Asian Pork Lettuce Wraps

Total Time:
40 min
10 min
30 min

4 servings

  • 1 1/4 cups white rice
  • 2 teaspoons vegetable oil, plus more for brushing
  • 1/4 cup low-sodium soy sauce
  • 1 tablespoon Sriracha (Asian chile sauce), plus more for drizzling
  • 1 1/2 teaspoons grated peeled ginger
  • 1 large pork tenderloin (about 1 1/4 pounds), halved lengthwise
  • 2 carrots, diced
  • 1/2 English cucumber, diced
  • 2 tablespoons fresh lime juice, plus wedges for serving
  • 2 teaspoons packed light brown sugar
  • 12 large Bibb or Boston lettuce leaves
  • Chopped fresh cilantro, for topping
  • Combine the rice and 1 1/2 cups water in a medium saucepan; bring to a simmer over medium-high heat and cook until most of the water is absorbed, about 4 minutes. Reduce the heat to low; cover and continue cooking until all of the water is absorbed, about 12 more minutes. Uncover and transfer to a large bowl to cool slightly.

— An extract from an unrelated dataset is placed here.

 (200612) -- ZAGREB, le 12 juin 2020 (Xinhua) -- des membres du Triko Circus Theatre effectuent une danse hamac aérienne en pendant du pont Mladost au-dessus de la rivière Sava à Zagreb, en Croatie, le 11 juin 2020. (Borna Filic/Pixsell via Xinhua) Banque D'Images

  • Preheat a large grill pan or grill over medium heat and brush with oil. Combine 2 tablespoons soy sauce, the vegetable oil, 1 1/2 teaspoons Sriracha and 1 teaspoon ginger in a bowl; rub all over the pork. Transfer the pork to the grill pan; cook about 8 minutes per side for medium doneness. Transfer to a cutting board and let rest 5 minutes; thinly slice.

  • Stir the remaining 2 tablespoons soy sauce, 1 1/2 teaspoons Sriracha and teaspoon ginger into the rice. Add the carrots, cucumber, lime juice and brown sugar and toss. Serve the rice and pork in the lettuce leaves; top with cilantro and drizzle with more Sriracha. Serve with lime wedges.